Source material
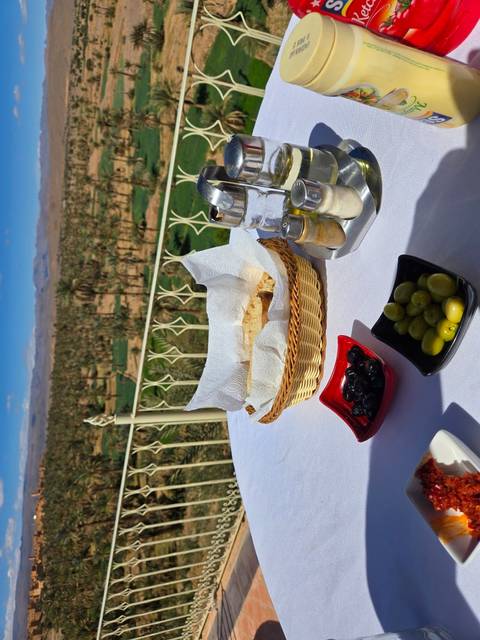 Breakfast setup with bread, condiments, and a scenic view.
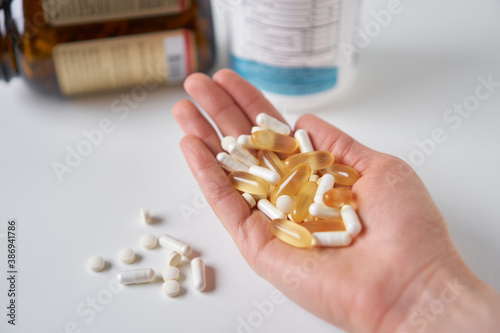 Medicine pills and supplements. Medicine in palm.  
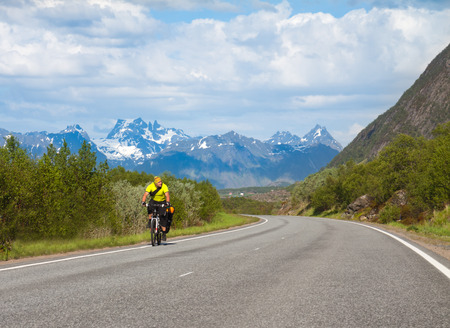 Mountain bike cyclist at sphalt road, Lofoten, Norwayの写真素材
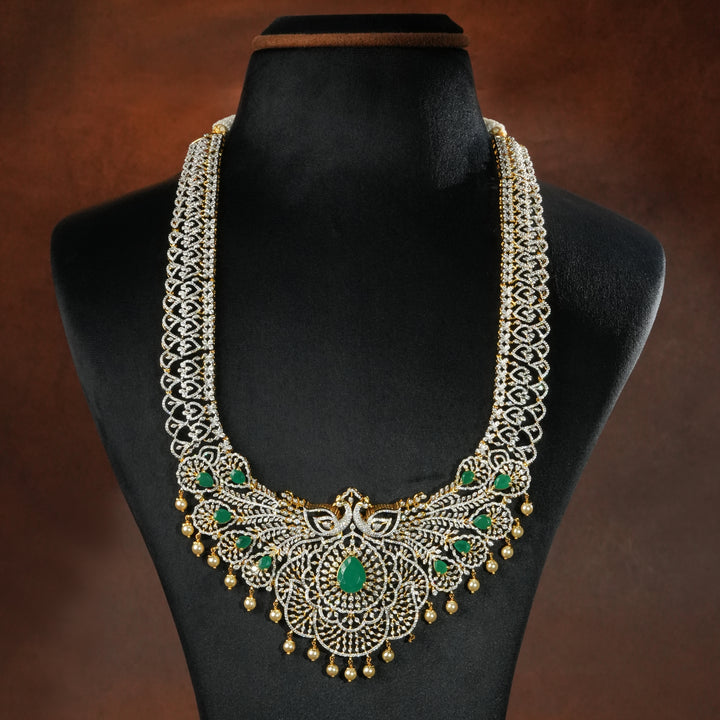 Full view of premium 92.5 silver cz emerald necklace with peacock motifs, intricate detailing and pearl drops by Sri Fine Jewellery, Hyderabd(https://srifinejewellery.com)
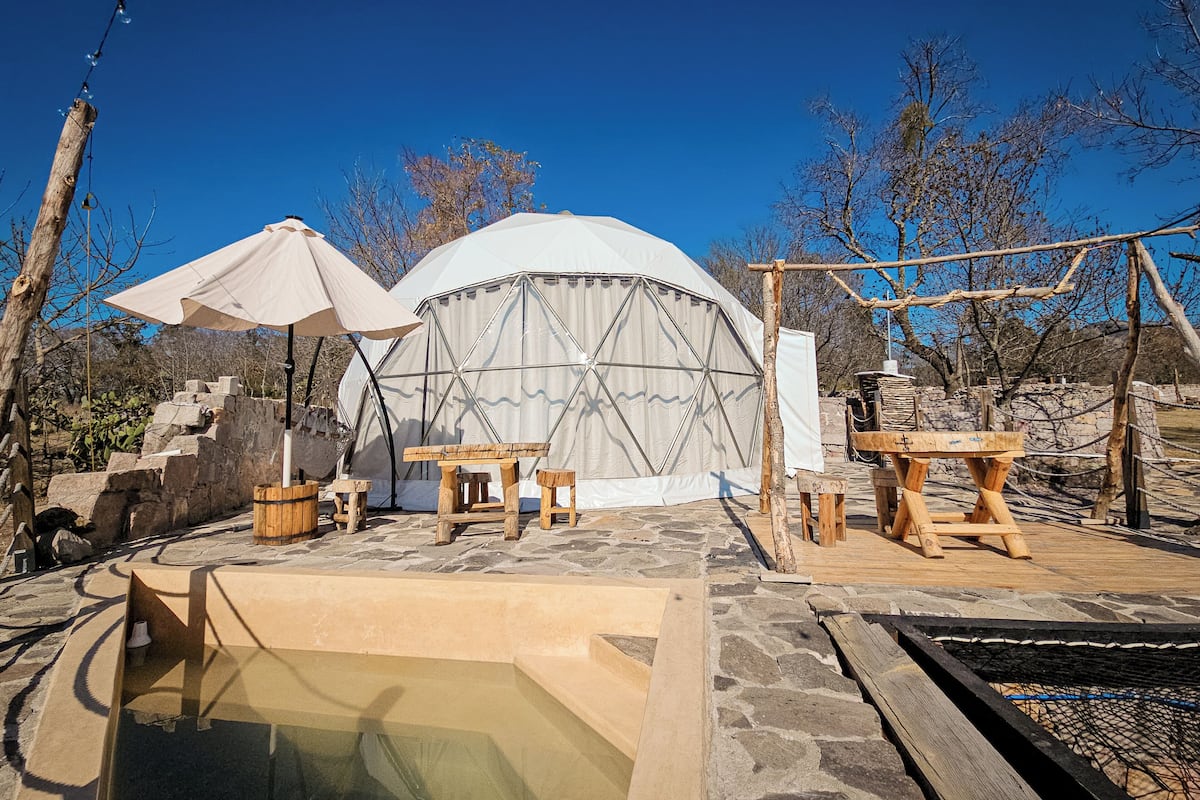 Una estructura de domo geodésico con piscina, mesas de madera y suelo de piedra.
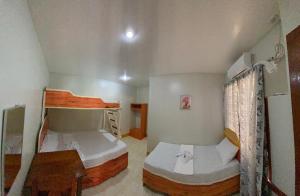 Un dormitorio con dos literas y una mesa. en Strong Tower Inn, en El Nido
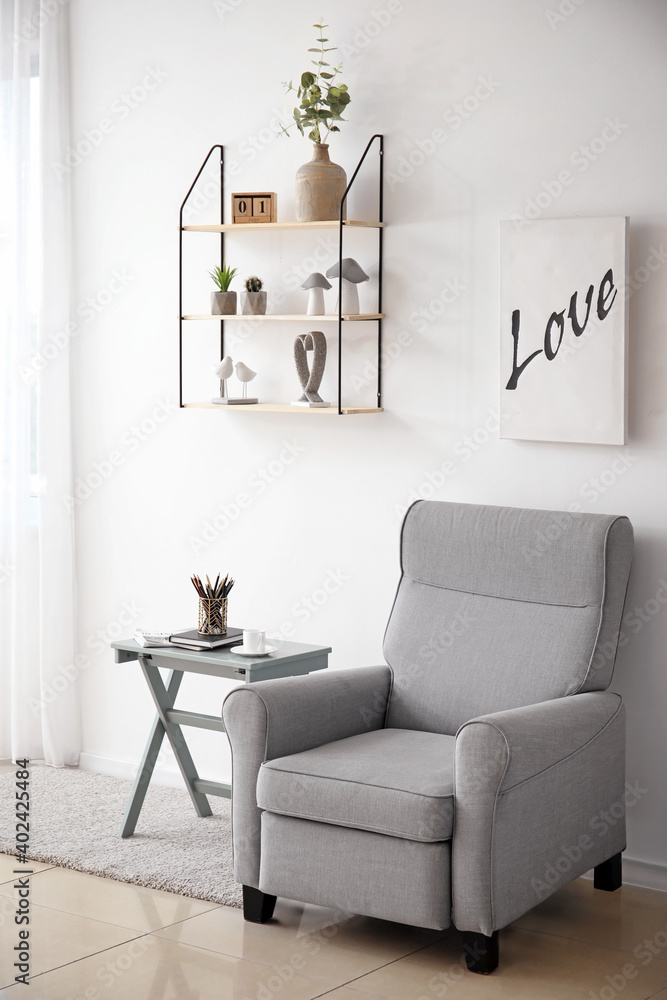 Soft armchair, table and shelf in interior of living room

Task brief
Copy the listing above verbatim; the pictures it contains are to stay out.

Answer box
 Breakfast setup with bread, condiments, and a scenic view.
 Medicine pills and supplements. Medicine in palm.  
 Mountain bike cyclist at sphalt road, Lofoten, Norwayの写真素材
 Full view of premium 92.5 silver cz emerald necklace with peacock motifs, intricate detailing and pearl drops by Sri Fine Jewellery, Hyderabd(https://srifinejewellery.com)
 Una estructura de domo geodésico con piscina, mesas de madera y suelo de piedra.
 Un dormitorio con dos literas y una mesa. en Strong Tower Inn, en El Nido
 Soft armchair, table and shelf in interior of living room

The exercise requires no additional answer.